New Weed-Free Twine to Limit the Spread of Invasive Species | Big Horn Basin Media

New Weed-Free Twine to Limit the Spread of Invasive Species

Written by on April 20, 2022


The Wyoming Weed and Pest Council (WWPC) is partnering with the North American Invasive Species Management Association (NAISMA) to issue a new twine color for use on “weed-free” hay. The new blue and orange twine will be applied to “any forage or hay certified as weed-free,” and will come with certification forms.

The aim of this initiative is to limit the spread of harmful and dangerous weeds. Federal and state lands often require “weed-free” forage and hay to curtail the spread of invasive weeds. Additionally, outdoor enthusiasts can take steps to act responsibility in this area as well. Common practices to help prevent the spread of unwanted weeds can be as simple as brushing off shoes and clothes before traveling, or as easy as draining, drying, and cleaning a boat or watercraft.

The bright orange and blue twine will make it easier to distinguish between types of hay.

Larry Smith, WWPC President, says, “It’s important to use weed-free forage whenever possible.” This measure, Smith explains, “ensures that it’s free of invasive weeds and helps offset the billons of dollars that it takes to control those weeds. It helps us keep Wyoming’s natural beauty alive” (Wyoming Weed and Pest Council).

The Wyoming Weed and Pest Council has a proud tradition here in the state, they’ve been working to maintain Wyoming’s legendary beauty by eradicating invasive species since 1973.
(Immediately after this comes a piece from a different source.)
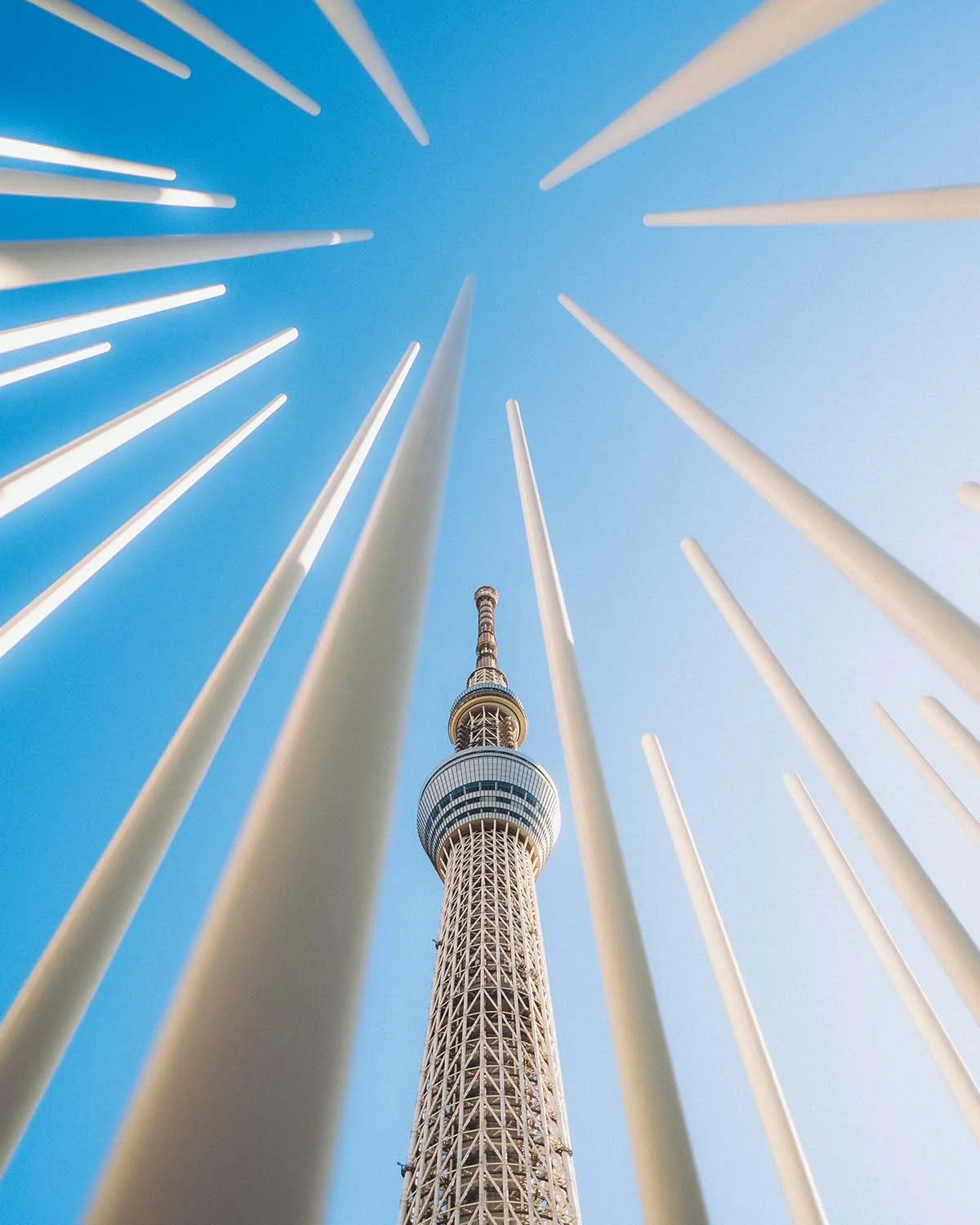 Architecture moderne Tokyo Skytree vue en contre-plongée à travers poteaux blancs graphiques ciel bleu. Tour de radiodiffusion quartier Sumida Oshiage design urbain minimaliste voyage Japon.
Invasive or “noxious” weeds, not unlike species of invasive fish, can damage to the landscape and cause problems for agricultural operations. The list of state designated noxious weeds includes the following: Black Henbane, Canada Thistle, Diffuse Knapweed, Common Burdock, Common St. Johns Wort, Dalmation Toadflax, Dyer’s Woad, Field Bindweed, Hoary Cress (Whitetop), Houndstongue, and Perennial Pepperweed—to name a few.

In the United States, it costs a staggering “$130 billion” dollars each year to manage, treat, and prevent invasive weeds according the WWPC. The new twine represents an additional tool for the state to deploy to combat the problem. Older purple and yellow twine will slowly be phased out as the new colors are incorporated by verified and certified hay producers. By visiting, purchasers can find weed-free products and producers can have their products certified weed-free.